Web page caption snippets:
[Start of Attachment]
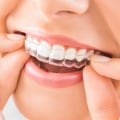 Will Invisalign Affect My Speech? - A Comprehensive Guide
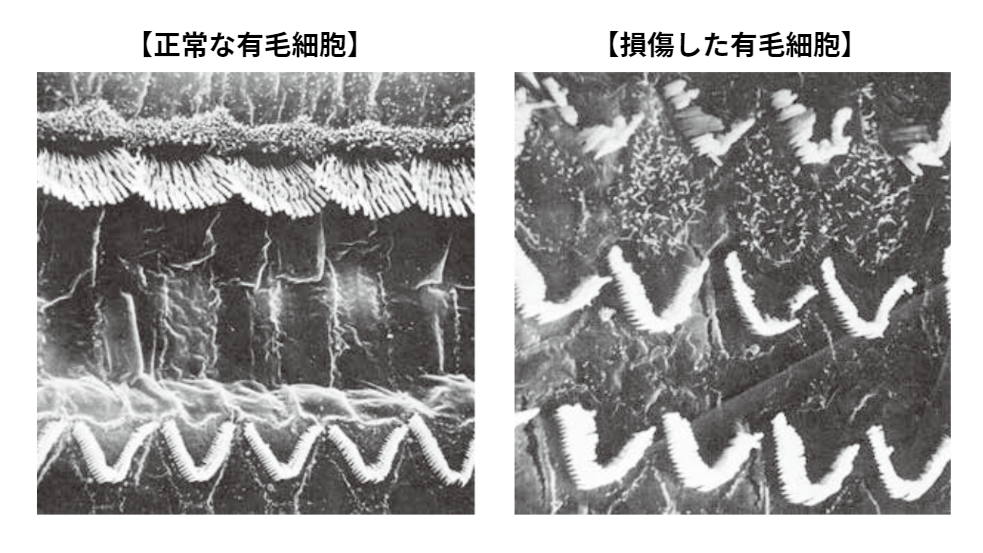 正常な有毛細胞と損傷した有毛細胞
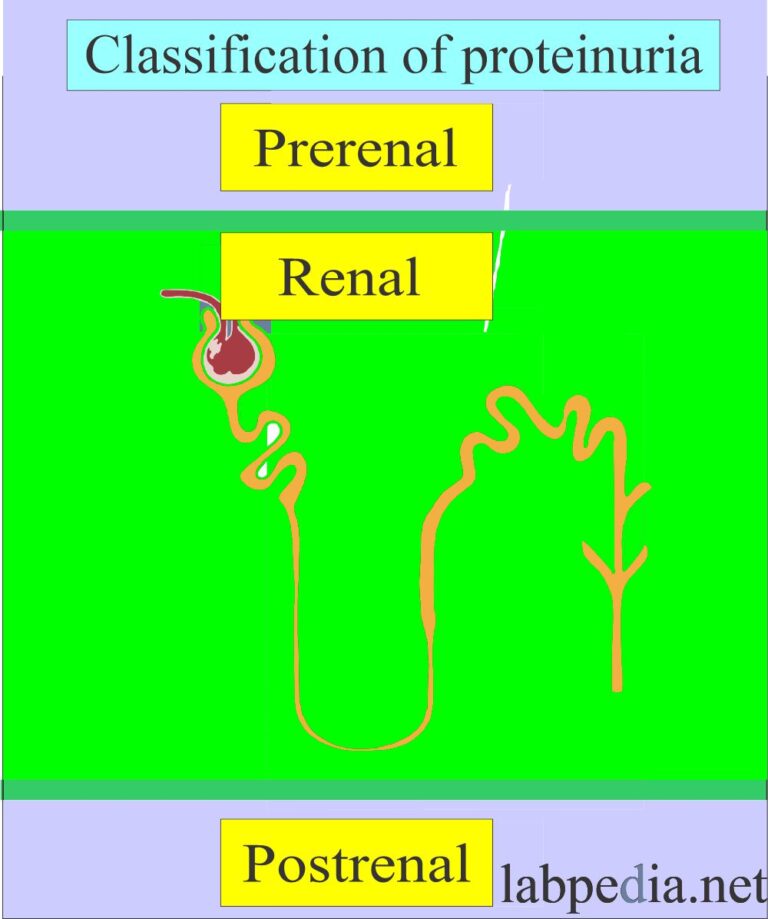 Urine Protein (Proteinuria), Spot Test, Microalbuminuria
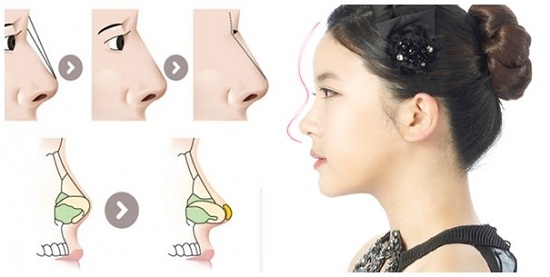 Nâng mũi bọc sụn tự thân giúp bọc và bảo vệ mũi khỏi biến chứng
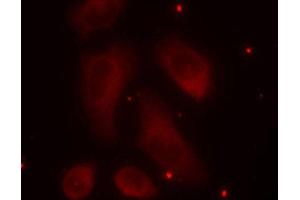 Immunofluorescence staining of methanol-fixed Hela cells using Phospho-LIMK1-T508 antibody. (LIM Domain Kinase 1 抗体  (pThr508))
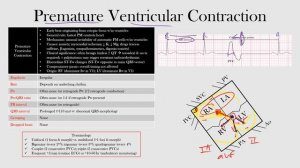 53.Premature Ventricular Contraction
[End of Attachment]
AIM OF THE TASK: Skip the pictures and transcribe the rest of the records exactly.

ANSWER BELOW:
 Will Invisalign Affect My Speech? - A Comprehensive Guide
 正常な有毛細胞と損傷した有毛細胞
 Urine Protein (Proteinuria), Spot Test, Microalbuminuria
 Nâng mũi bọc sụn tự thân giúp bọc và bảo vệ mũi khỏi biến chứng
 Immunofluorescence staining of methanol-fixed Hela cells using Phospho-LIMK1-T508 antibody. (LIM Domain Kinase 1 抗体  (pThr508))
 53.Premature Ventricular Contraction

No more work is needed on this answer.